Weak base level, large reward – this is what is also known as a ‘build-around’ card. I will only run this card in my deck if I can build my deck around it, but if I have picked this card early in a draft I will attempt to do that.
Strong base level, large reward – it is unusual to have a build around card with a strong reward that’s good on its own outside of rare or mythic rare. Usually this type of card is good enough that I don’t have to worry too much about building around it, but will take the opportunity if it comes up.
But a cycle of cards in Hour of Devastation has made me reconsider
That cycle is the five uncommon cards with Aftermath, in ally colours.
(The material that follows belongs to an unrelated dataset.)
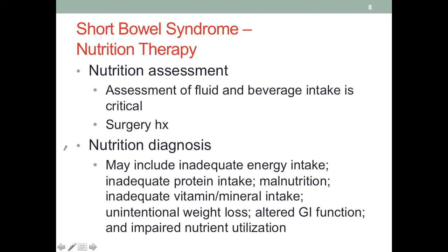Nutrition diagnoses usually fall in the intake domain with inadequate intake, and there would be unintentional weight loss due to maldigestion and malabsorption. We would also have altered GI function if a significant portion of the small intestine is gone. Additionally, impaired nutrient utilization may be present — intake may be adequate, but absorption is not, so the bioavailability of nutrients is affected.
These aren’t synergy cards
You don’t have to play a load of Zombies, or Artifacts, or anything like that. But we can still look at them on the spectrum. This time, instead synergy with other cards in our deck, the hoop we’d have to jump through to get the reward of the card is playing a second colour.
On the face of it, each of those three is a multi-coloured card. But look again at the ‘front’ side of those cards – their base level. Farm is just the same card as Kill Shot, a strong playable. It’s actually strictly better than Sandblast, which appears at common in Hour of Devastation! Consign is the same as Disperse, another playable card. And Struggle is an instant speed Ground Assault, albeit for one mana more. Effectively, what you have in Struggle is a red version of Murder. All three of these cards have a strong base level. It’s just that this time, the base level is the front side of the card!
Now, in the case of Farm//Market and Consign//Oblivion, the rewards you get are also pretty good. But since they fall into the strong base level part of the spectrum, we can run them in any deck that can cast them. The added complexity of these cards is, once again, a trap.
So don’t make the mistake of thinking you have to be in White/Blue to play Farm//Market, or Red/Green to play Struggle//Survive. If you are, you get a small reward – in this case, you get to cast the second half of the card. But just like Welding Sparks, the cards are good enough on their own.